Art. 6º Na hipótese dos crimes de injúria e de difamação cometidos no âmbito da imprensa, os agentes só respondem criminalmente caso fique demonstrado que a informação veiculada não atende, a critério fundamentado do juiz, ao interesse público.

Art. 7º A ação de direito de resposta por abuso do exercício da liberdade de expressão deve ser processada e julgada em juízo cível da localidade onde foi veiculada a matéria, do local de sua repercussão, ou no foro do domicilio do autor.

Art. 8º Fica revogada a Lei nº 5.250, de 9 de fevereiro de 1967.

JUSTIFICAÇÃO

A recente decisão do Supremo Tribunal Federal que suspendeu a eficácia de uma série de disposições da Lei de Imprensa (Lei nº 5.250/67) trouxe à tona o debate em torno da aplicação do preceito constitucional da liberdade de expressão e pensamento.

O autêntico Estado de Direito pressupõe que a liberdade de expressão e pensamento não pode sofrer limitações de ordem política, sob qualquer forma de censura prévia, estando em plena consonância com o entendimento do Supremo Tribunal Federal, o qual, ainda que por liminar, suspendeu a aplicação de uma série de artigos da Lei 5.250/67, de que trata a ação de Argüição de Descumprimento de Preceito Fundamental (ADPF) nº 130/D.F., proposta pelo Partido Democrático Trabalhista (PDT), por intermédio do eminente e sempre combativo Deputado Federal Miro Teixeira. Dentre os vários méritos que tem a referida ação, destaca-se a tentativa de aprimorar o ordenamento jurídico, como de igual forma se faz através da proposição que se encaminha.
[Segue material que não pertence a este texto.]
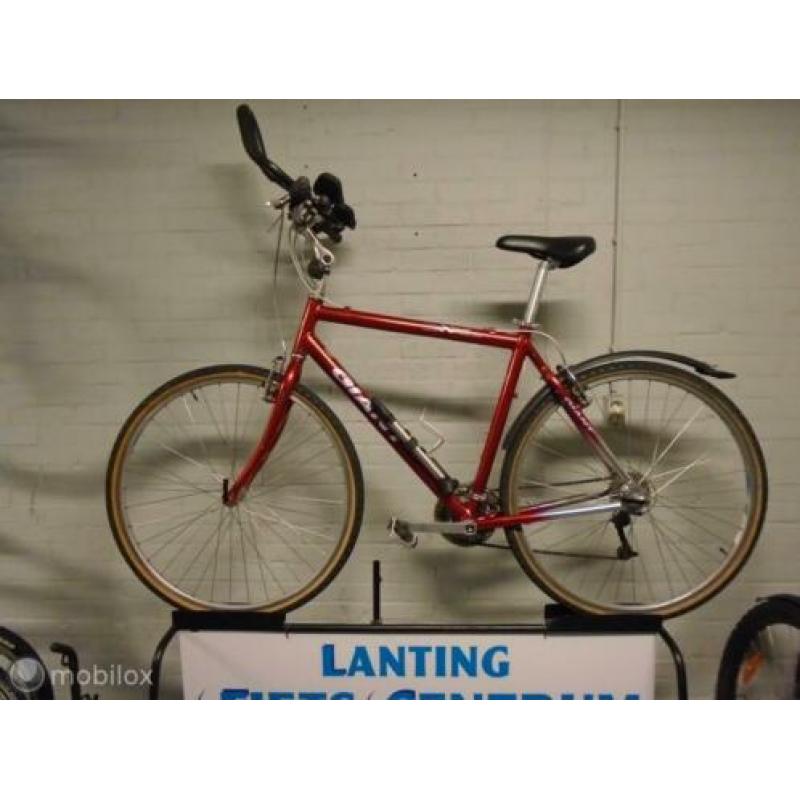 Giant HYBRIDE 55 CM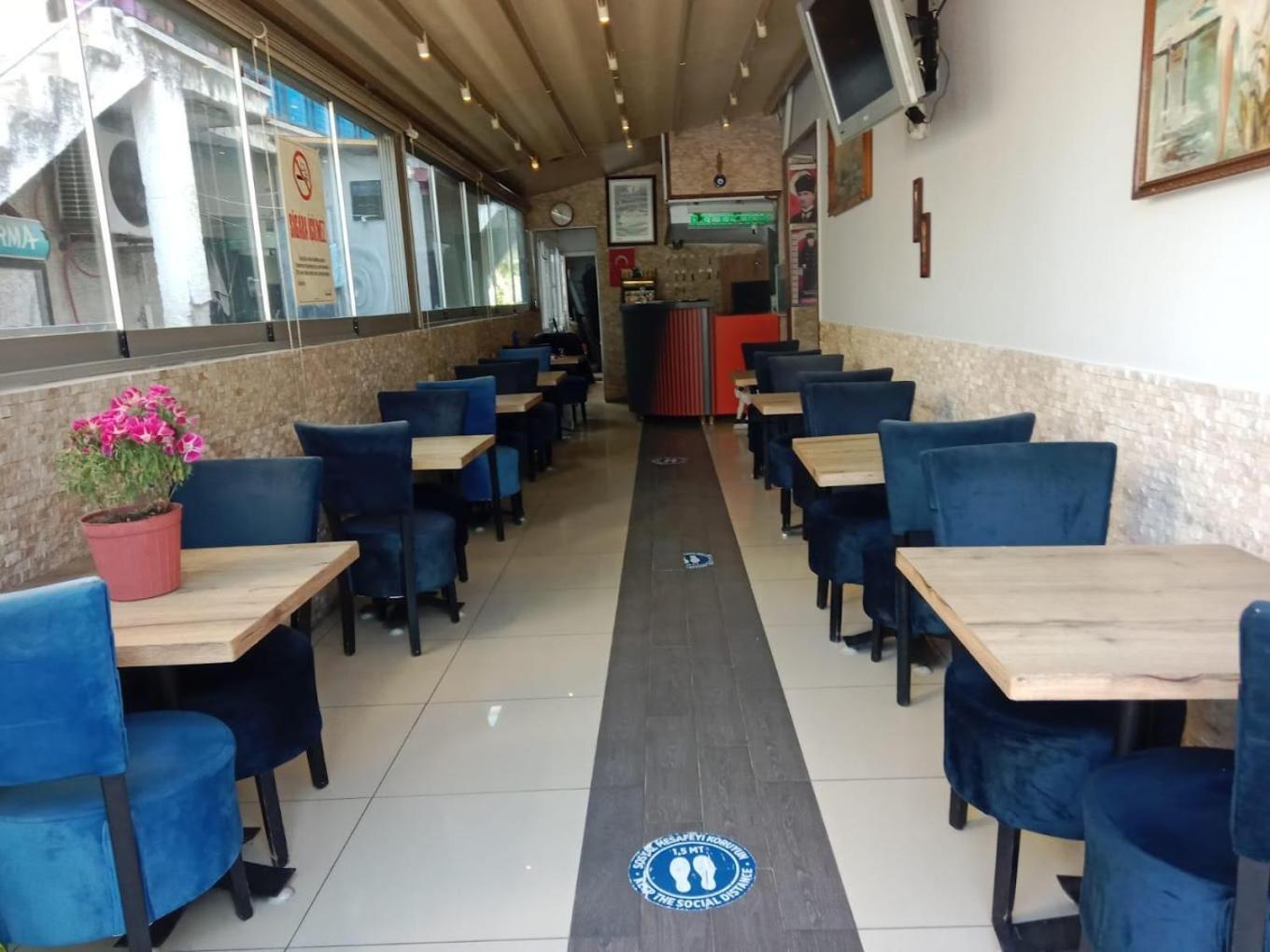 Karya Hotel 库萨达斯 外观 照片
Por outro lado, a maior atividade fiscalizadora, investigatória e punitiva desenvolvida pelo Estado-juiz nos últimos tempos não pode afastar, em absoluto, garantias constitucionais fincadas, por exemplo, nos princípios da inocência, do contraditório regular e substancial e da individuação/dosimetria da pena.

Mas também não pode servir de obstáculo ao exercício de um direito elevado à garantia fundamental, que é a liberdade de trânsito da informação e expressão do pensamento, qualquer que seja seu matiz ideológico, ou sua forma de manifestação, inadmitida a censura prévia.
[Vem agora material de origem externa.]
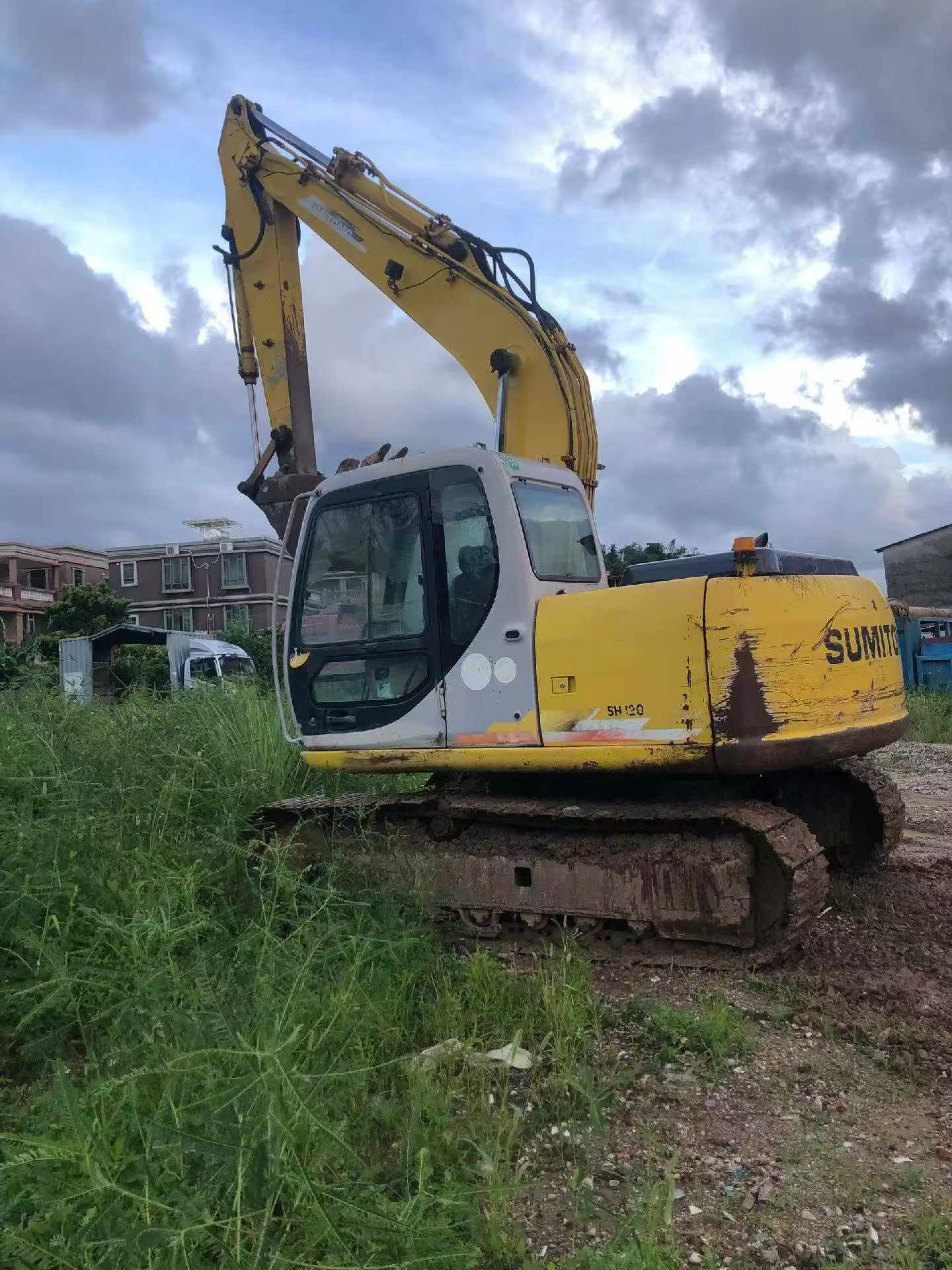 Buy Sumitomo SH120-3 Used Excavator / 2 Buy Sumitomo SH120-3 Used Excavator / 2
Deve ser civil e criminalmente responsabilizado, claro, todo aquele que cometer excesso ou abuso, assim entendido toda e qualquer forma de transgressão aos preceitos de ordem legal ou moral; mesmo porque não existe exercício absoluto de direitos.

Nessa toada, percebe-se que o projeto de lei ora proposto tenta simplificar relações que, segundo eminentes juristas, sequer deveriam ser reguladas por lei. Todavia, não nos parece seja essa a tradição legislativa existente no Brasil, haja vista que se encontram no nosso ordenamento jurídico grande quantidade de leis, algumas das quais “pegam”, outras nem tanto.

Preocupamo-nos, ao elaborarmos a presente matéria, em distinguir bem a situação em que o dano é considerado pela perspectiva da conduta e dos interesses que porventura possam ocorrer pela malversação de tão fundamental e importante liberdade, de forma que estamos propondo que a responsabilidade civil continue a ser subjetiva nesses casos, a despeito da evolução legislativa que se tem observado ultimamente, fazendo-se supor que tal medida iria de encontro aos avanços e a algumas conquistas fundadas na responsabilidade sem culpa. Entretanto, pensamos não ser este o caso, em se tratando de liberdade de imprensa.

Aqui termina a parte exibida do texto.